MOSIV: Multi-Object System Identification from Videos

The paper introduces MOSIV, a novel framework that leverages differentiable simulation and geometry-aligned objectives to identify continuous, per-object material parameters from videos of complex multi-object interactions, outperforming existing methods on a new synthetic benchmark.

Chunjiang Liu, Xiaoyuan Wang, Qingran Lin, Albert Xiao, Haoyu Chen, Shizheng Wen, Hao Zhang, Lu Qi, Ming-Hsuan Yang, Laszlo A. Jeni, Min Xu, Yizhou Zhao

Published 2026-03-09
📖 4 min read☕ Coffee break read

Imagine you walk into a chaotic kitchen where a bowl of jelly, a bag of sand, and a rubber ball are bouncing off each other, sliding across the table, and squishing together.

If you were to record this with a video camera, could you figure out exactly how "squishy" the jelly is, how "gritty" the sand is, and how "bouncy" the rubber ball is? And more importantly, could you use that knowledge to predict exactly what would happen if you threw a third object into the mix?

This is the problem the paper MOSIV solves.

Here is the breakdown of what they did, using simple analogies:

1. The Problem: The "Guessing Game" of Physics

Previous methods for understanding physics from video were like playing a multiple-choice quiz.

  • The Old Way: Imagine a robot watching the jelly. It has a small library of "material cards" in its head: Card A: Jelly, Card B: Water, Card C: Clay. The robot looks at the video and guesses, "Hmm, it looks like Card A."
  • The Flaw: Real life isn't a multiple-choice quiz. The jelly might be slightly stiffer than the one in Card A, or the sand might be wetter than Card B. When objects crash into each other (like the jelly hitting the sand), these "guesses" get confused. The robot might think the sand is actually jelly because they are touching, leading to a simulation that looks wrong and falls apart quickly.

2. The Solution: MOSIV (The "Digital Twin" Maker)

The authors created a new system called MOSIV. Instead of guessing which card a material is, MOSIV acts like a master chef who tastes the food and measures the exact ingredients.

  • Step 1: The 4D Snapshot (The Camera)
    MOSIV watches the video from many angles (like having 11 cameras around the table).
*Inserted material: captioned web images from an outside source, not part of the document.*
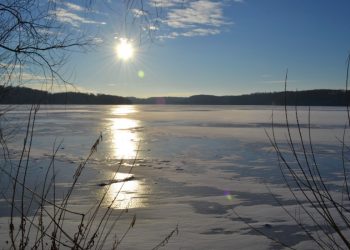 Śmierć podczas morsowania. Mężczyzna chciał przepłynąć pod lodem
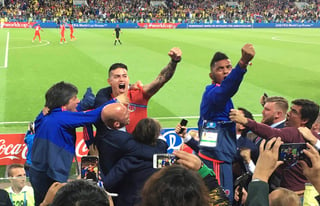El volante de Colombia James Rodríguez (centro a la izquierda) festeja desde las gradas tras el gol de Yerry Mina en el partido de octavos de final. (Fotografía de AP)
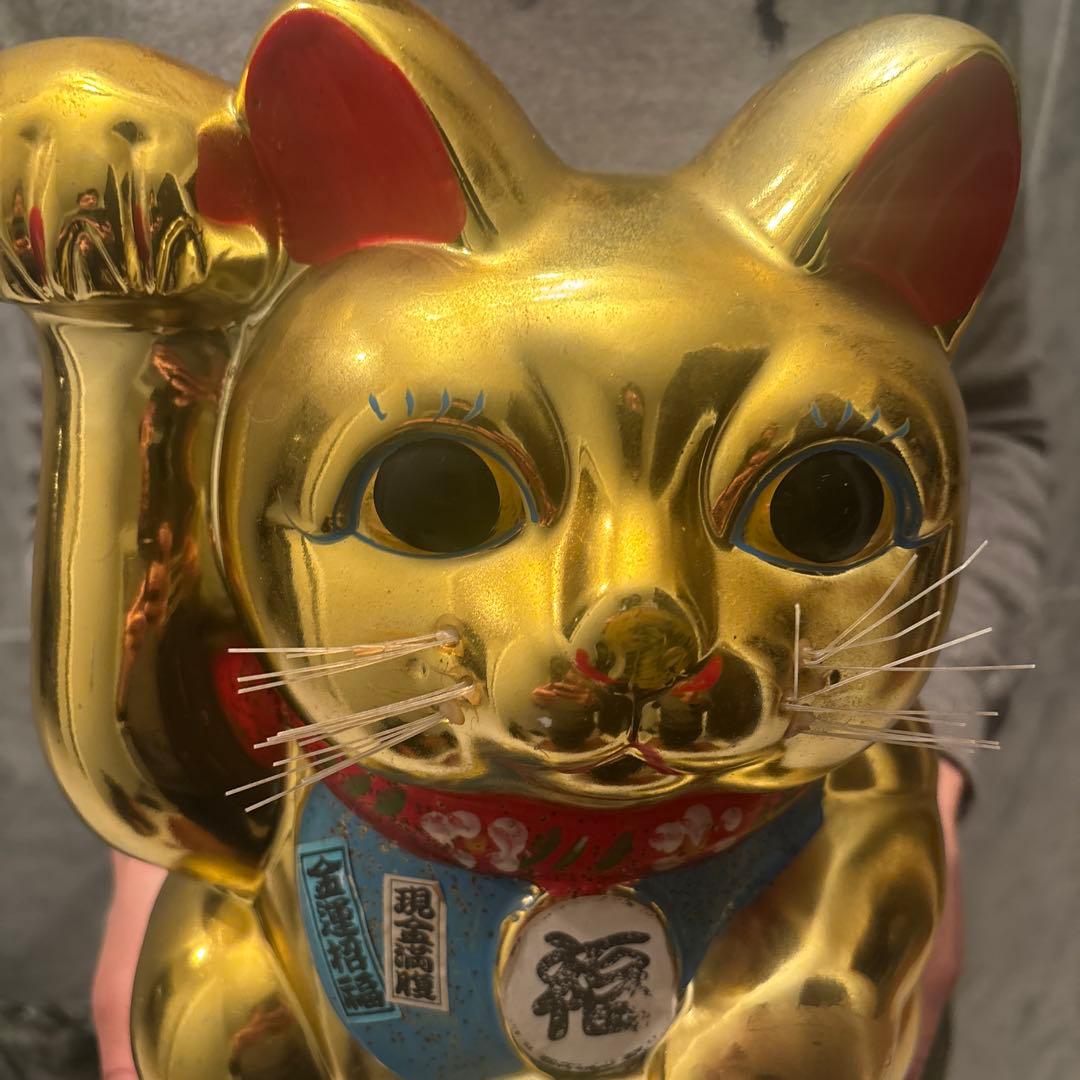 セブンスター様　ヴィンテージ手描きの瞳やまつ毛,前掛けが美しく黄金に輝く招き猫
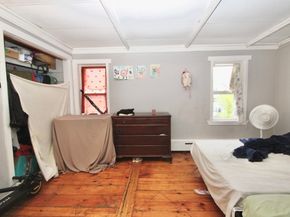 9-11 Kelley Sq, Worcester MA 01610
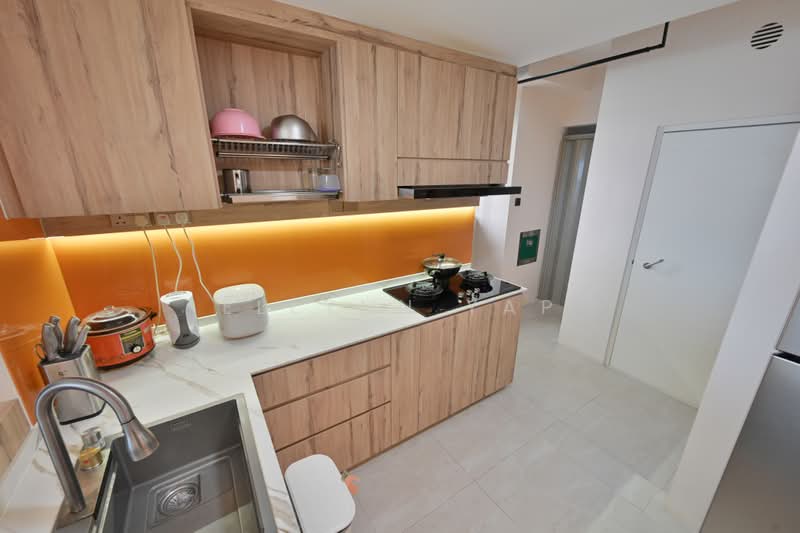 Blue Horizon, 23 West Coast Crescent, 3 Bedrooms, 1,152 sqft, Condominium For Sale, by Ellynn Yap, 500220100 - PropertyGuru.com.sg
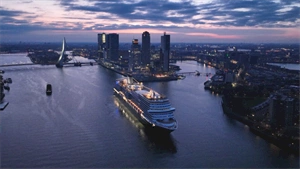 new technology case study Cruise company Carnival Corporation deploys Microsoft Azure for efficient operations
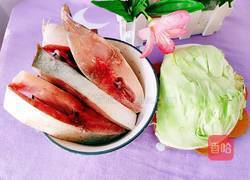 卷心菜蒸鱼的做法图解1
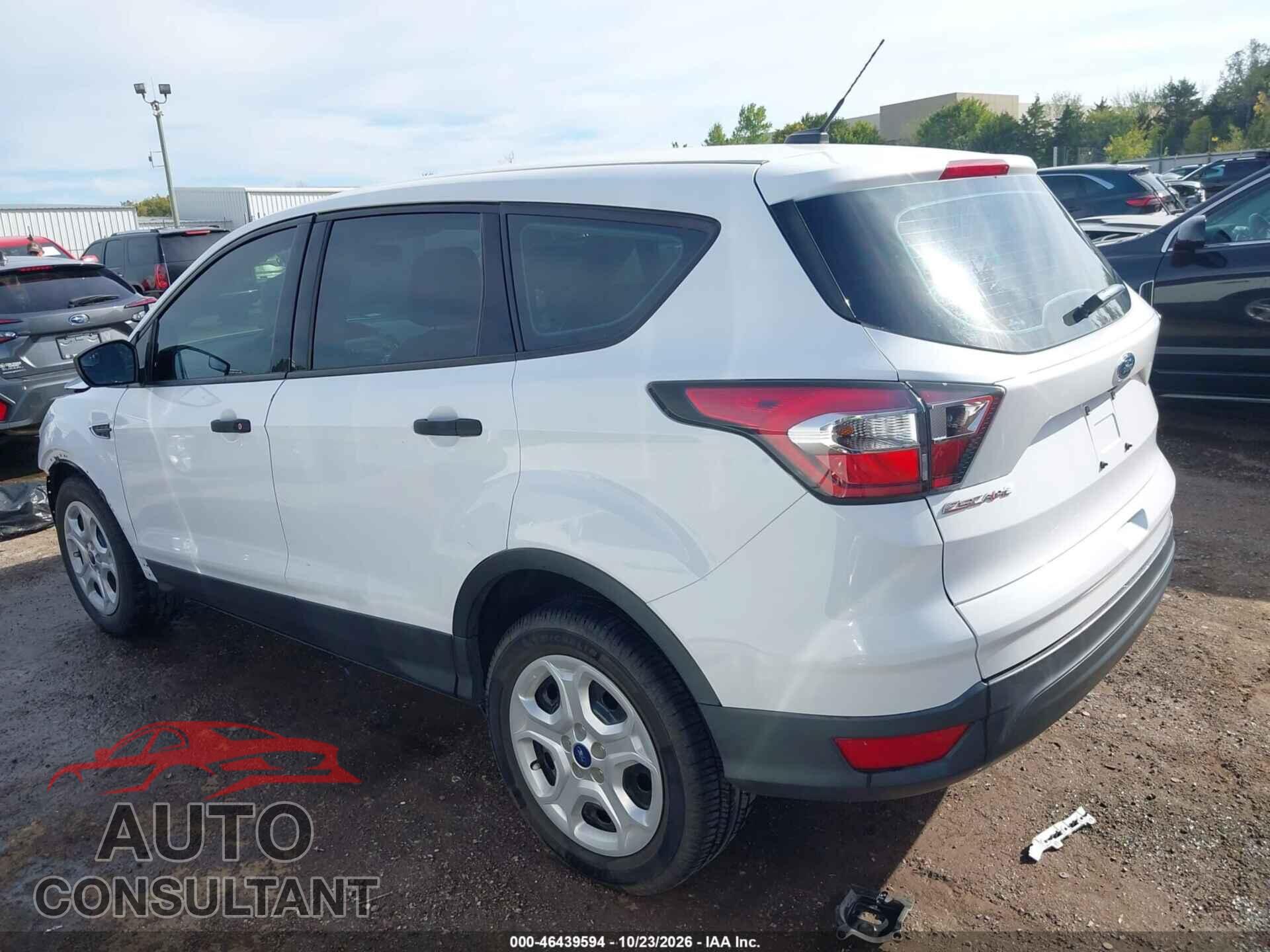 FORD ESCAPE 2017 - 1FMCU0F74HUB43006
It builds a super-detailed, moving 3D model of every object. Think of this as creating a "digital twin" of the scene that captures exactly how the jelly wobbles and the sand shifts.

  • Step 2: The Physics Engine (The Simulator)
    Inside the computer, MOSIV runs a physics simulator. But instead of just guessing the material, it treats the physical properties (like stiffness, friction, and squishiness) as knobs it can turn.

  • Step 3: The "Tuning" Process (The Magic)
    This is the core innovation. MOSIV runs the simulation and compares the result to the real video.

    • Simulation says: "The jelly should bounce here."
    • Video says: "No, it squished there."
    • MOSIV's reaction: "Okay, I need to turn the 'stiffness' knob down a tiny bit and the 'friction' knob up a tiny bit."
      It does this millions of times, adjusting the "knobs" for each object individually, until the simulation matches the video perfectly.

3. Why is this special?

The paper highlights two main superpowers:

  • No More "Material Confusion": Because MOSIV looks at each object separately (even when they are touching), it doesn't get confused. It knows the sand is sand and the jelly is jelly, even when they are mashed together. It learns the exact recipe for that specific piece of sand and that specific blob of jelly.
  • Crystal Ball Prediction: Once MOSIV has figured out the exact "knobs" for the objects, it can predict the future.
    • Example: If you watched a video of a rubber ball hitting a wall, MOSIV could tell you exactly what would happen if you threw a heavier ball, or if the wall was stickier, even though it never saw that specific scenario before. It creates a "physics engine" for that specific scene.

4. The "Kitchen Test" (The Experiment)

To prove it works, the researchers built a virtual kitchen with 45 different scenarios involving 10 different shapes (like apples, pawns, bananas) and 5 different materials (elastic, plastic, liquid, sand, snow).

They compared MOSIV against the old "multiple-choice" methods.

  • The Old Methods: The simulations looked blurry, the objects melted into each other, and the predictions drifted off course after a few seconds.
  • MOSIV: The simulations were sharp, the objects kept their shape, and the predictions stayed accurate for a long time. It was like comparing a blurry, low-resolution photo to a 4K movie.

The Bottom Line

MOSIV is a new tool that lets computers learn the "secret recipe" of physical objects just by watching them move. Instead of guessing what something is made of, it measures the exact physics of every single item in a chaotic scene. This means we can eventually build robots that can handle messy, real-world tasks (like a robot chef cooking with sticky dough and slippery vegetables) or create video games where the physics feel incredibly real and unpredictable.